Chosen for the Distinguished Speakers Series for her extensive research on religion deemed superstitious, Maldonado is the author of Sor Juana: Beauty and Justice in the America, Afro-Cuban Theology: Religion, Race, Culture, and Identity, and most recently, Created in God’s Image: An Introduction to Feminist Theological Anthropology.

Maldonado, who is Cuban, described her first-hand experiences.

In Guatemala, her mother-in-law explained that her 11-month-old had contracted the “evil eye” and “rubbing an egg on him” would serve as a remedy.

Out of respect for her husband, she visited the community “curandera,” a folk healer, where a satchel of herbs was thrown into a fire and a ritual purification was performed for her infant.

“Many medical diagnoses also have spiritual explanations,” Maldonado said of the community’s belief. Many Latin American and Caribbean worldviews share this belief: that one could, even unknowingly or unintentionally, curse or transmit illness or negative energy to another.

After her visit from a spiritual healer, Maldonado felt renewed.

“Was it psychological persuasion, a good night’s sleep, or the healing hands? To this day, I still do not know,” Maldonado said.

The discussion focused on how many elements and traditions of Santeria and much Latin America religion was derived from institutional Catholicism. The Catholic equivalent of saints, orishas, began as a way for slaves to hide African religion in the colonial Spanish rule.

“I want to highlight the importance of religion for understanding Latin American and Caribbean peoples and their descendants in the United States.

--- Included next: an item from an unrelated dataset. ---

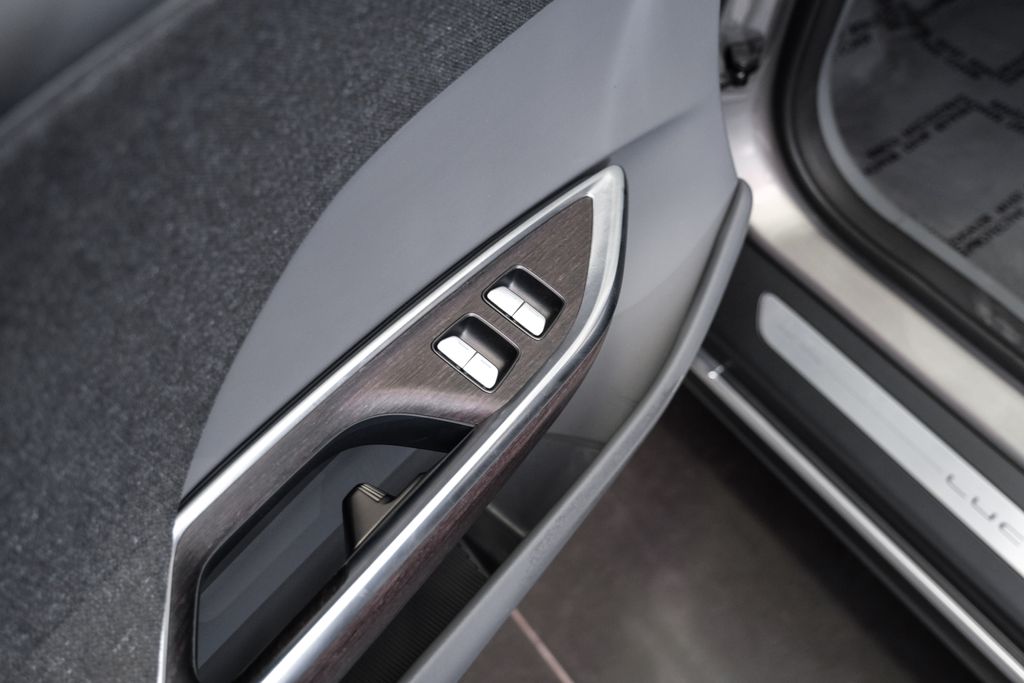 2025 Lucid Air Touring - Photo 46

I want to talk about their everyday religion and not have them be dismissed by the academy,” Maldonado said. “I want to talk about spirits, evil eye, spirit possession and animal sacrifice and have it not be reduced to superstition, ignorance, or anti-intellectualism. I hope that this evening I started to move in that direction.”


Evil eye is the belief that certain types of individuals can transmit ill will or negative energy toward others (usually children) and that this “hex” will manifest itself through physical illness. In many cultures, an individual can infect another with evil eye because of envy, though it varies based on country and religion.

Espiritismo is a religious worldview based on the assumption that we are able to communicate with the dead through a medium and that spirits can have negative and positive influences on our lives.

Santería is an African-based Yoruba religion with elements of Roman Catholicism and Espiritismo. Practitioners believe that through our relationships with supernatural beings called orishas we connect with God. Santeria arrived in Cuba through the trans-Atlantic slave trade.